EXTRACTED RECORDS:
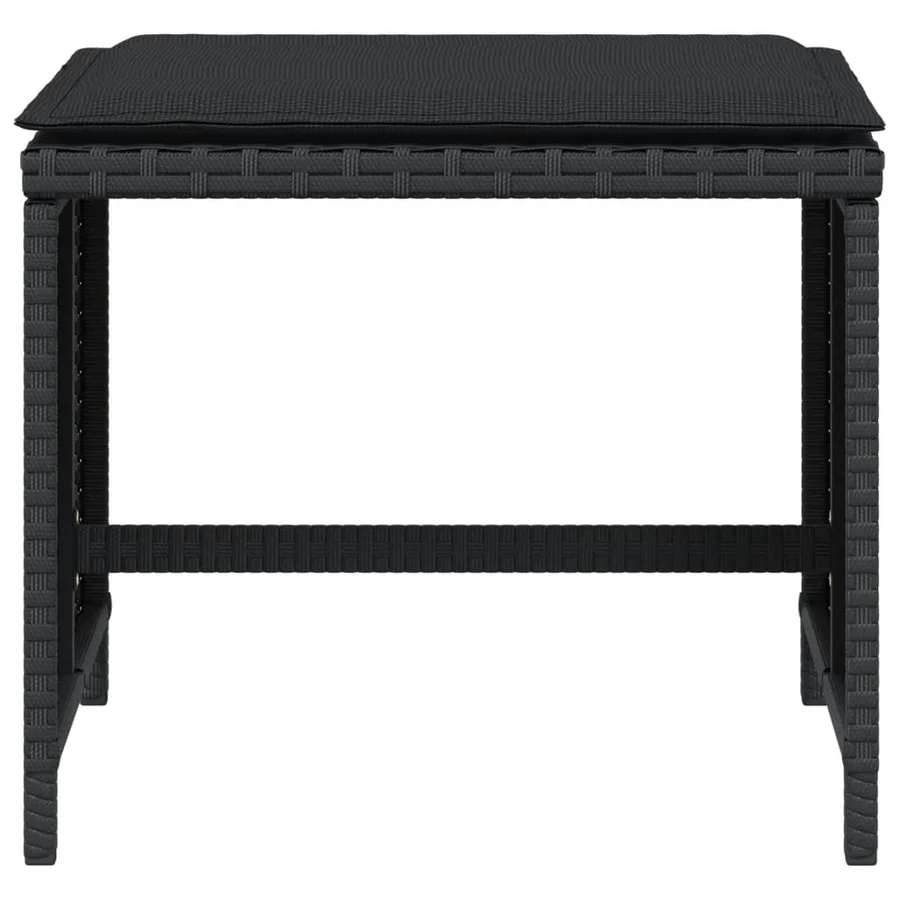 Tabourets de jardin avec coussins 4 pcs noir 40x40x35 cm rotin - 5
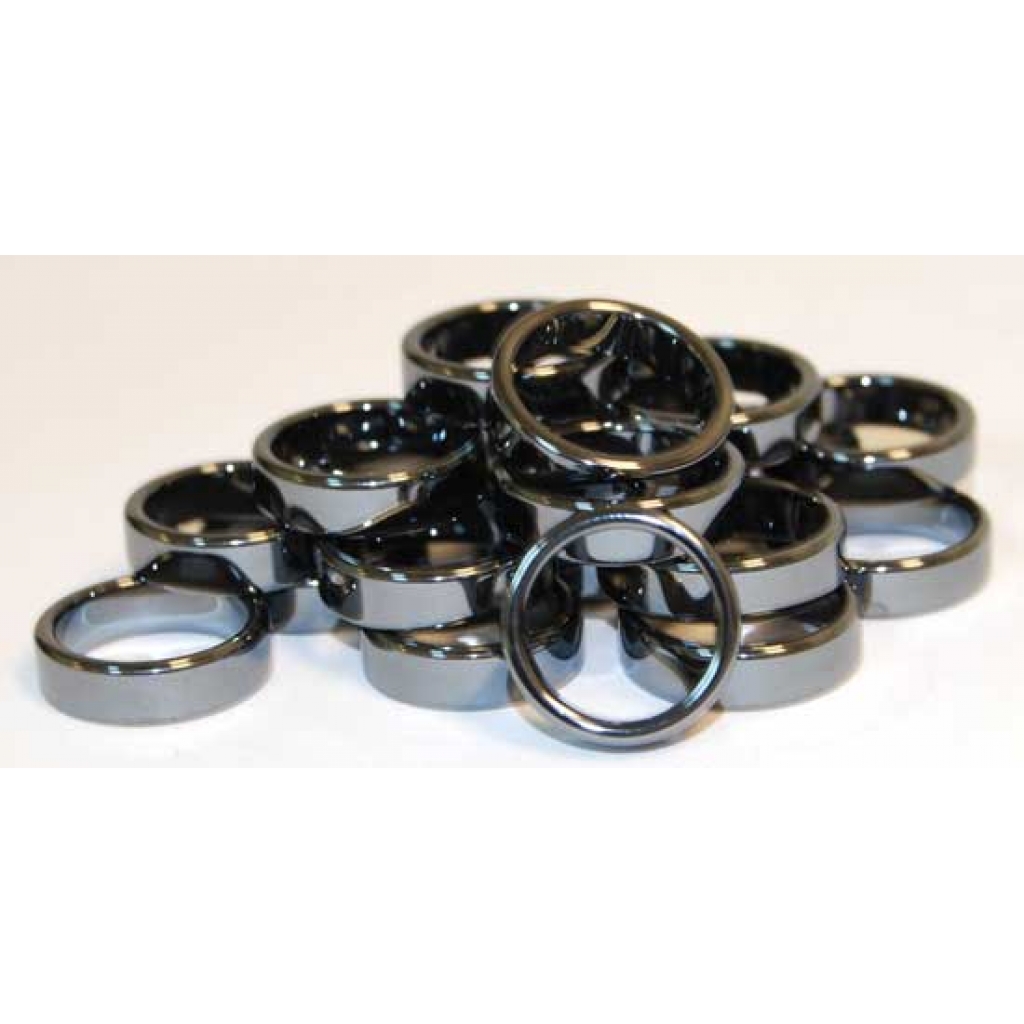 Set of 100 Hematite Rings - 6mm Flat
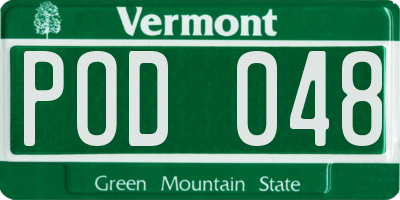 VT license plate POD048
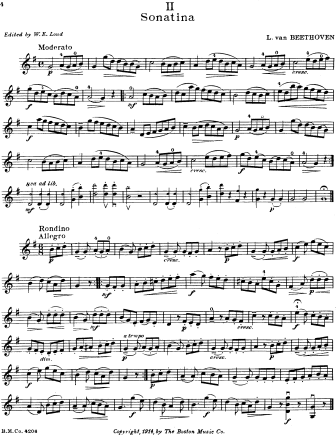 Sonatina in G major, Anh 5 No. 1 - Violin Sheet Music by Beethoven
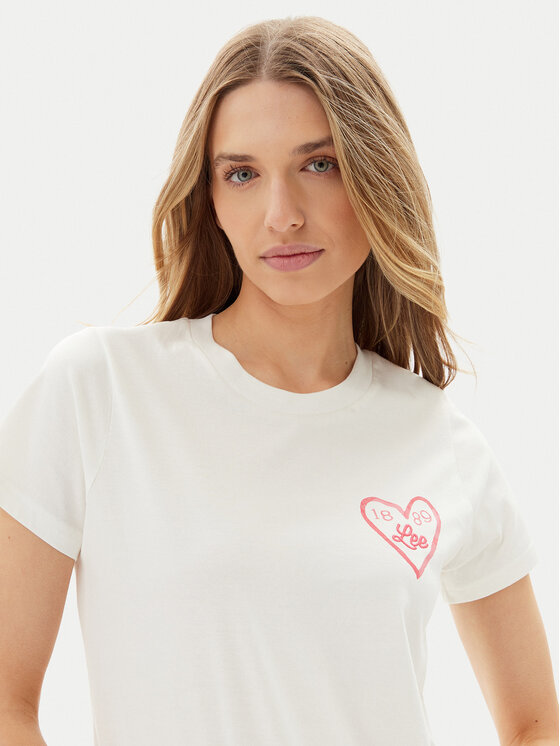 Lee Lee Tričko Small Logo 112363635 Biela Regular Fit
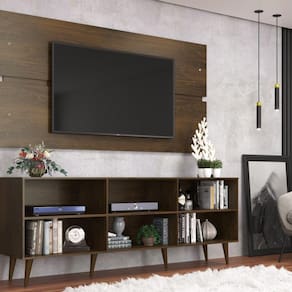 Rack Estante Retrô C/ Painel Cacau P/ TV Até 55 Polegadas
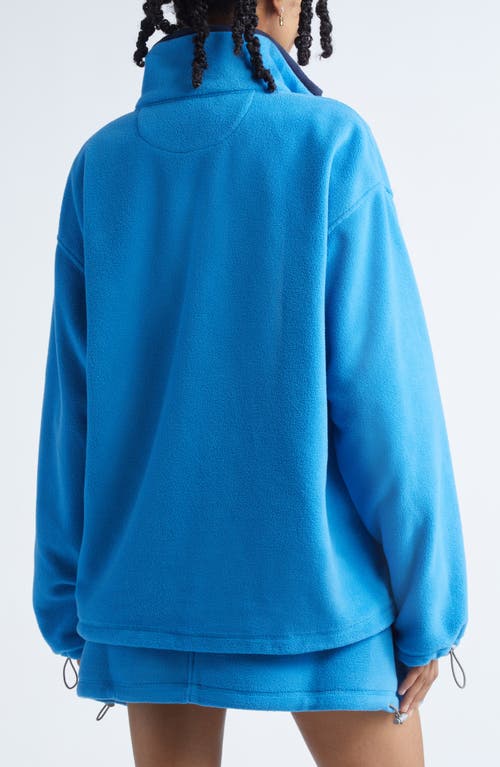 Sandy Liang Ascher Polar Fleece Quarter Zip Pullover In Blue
--
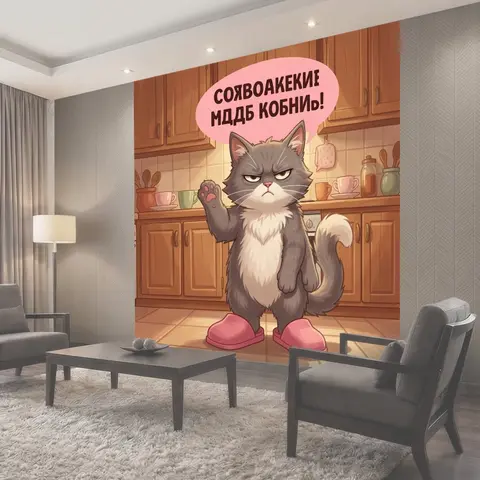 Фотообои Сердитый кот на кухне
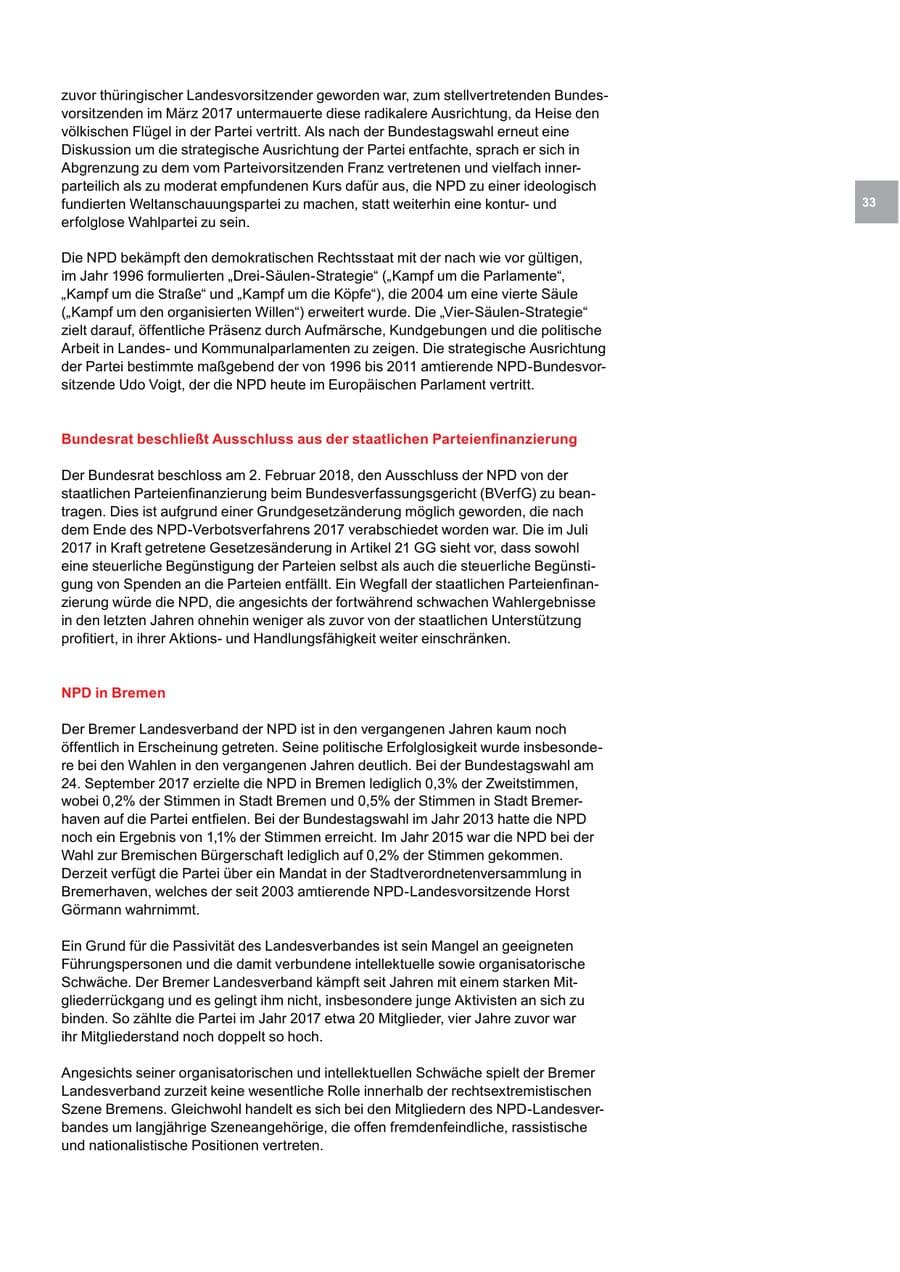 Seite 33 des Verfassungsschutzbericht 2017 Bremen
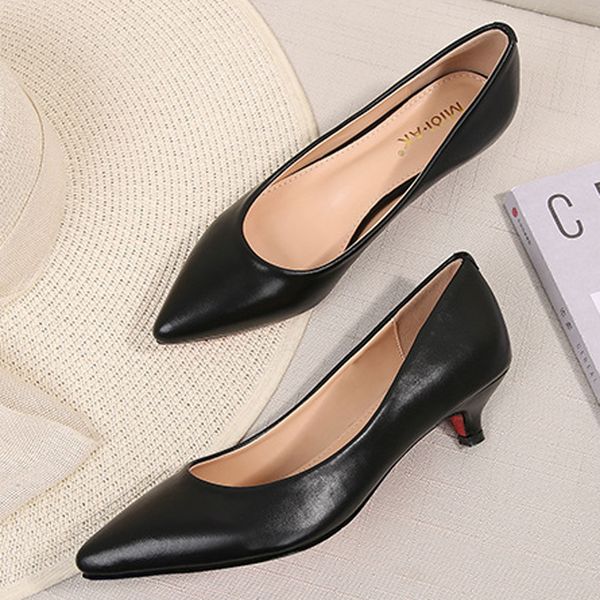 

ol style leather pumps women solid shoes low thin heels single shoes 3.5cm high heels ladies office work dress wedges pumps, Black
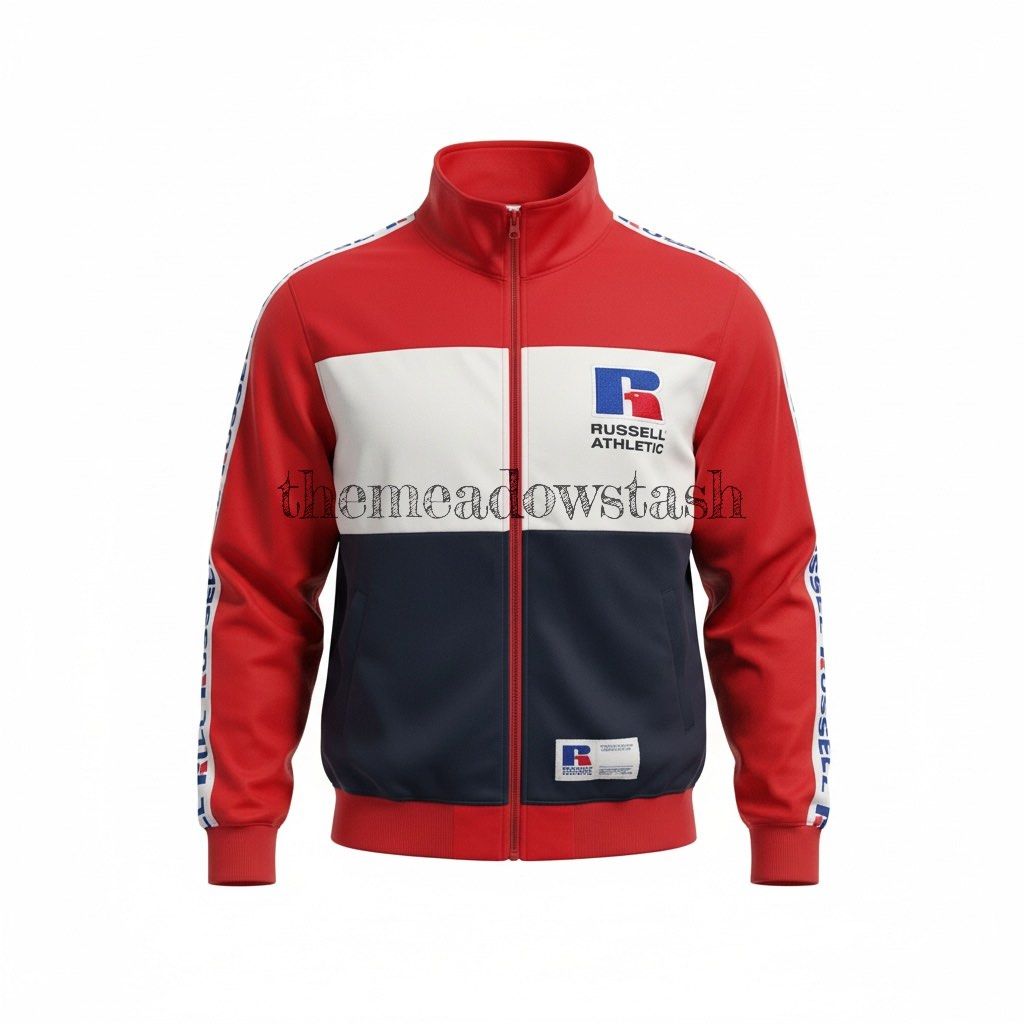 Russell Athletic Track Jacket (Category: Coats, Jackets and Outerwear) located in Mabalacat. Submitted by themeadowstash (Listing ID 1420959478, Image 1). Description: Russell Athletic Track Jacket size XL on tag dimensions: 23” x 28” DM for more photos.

DESCRIPTION OF THE TASK: Precisely those lines above that run from the line with "Tabourets de jardin" up to and including the line with "Lee Lee Tričko" are to be set down, with the pictures omitted.

COMPLETED TASK:
 Tabourets de jardin avec coussins 4 pcs noir 40x40x35 cm rotin - 5
 Set of 100 Hematite Rings - 6mm Flat
 VT license plate POD048
 Sonatina in G major, Anh 5 No. 1 - Violin Sheet Music by Beethoven
 Lee Lee Tričko Small Logo 112363635 Biela Regular Fit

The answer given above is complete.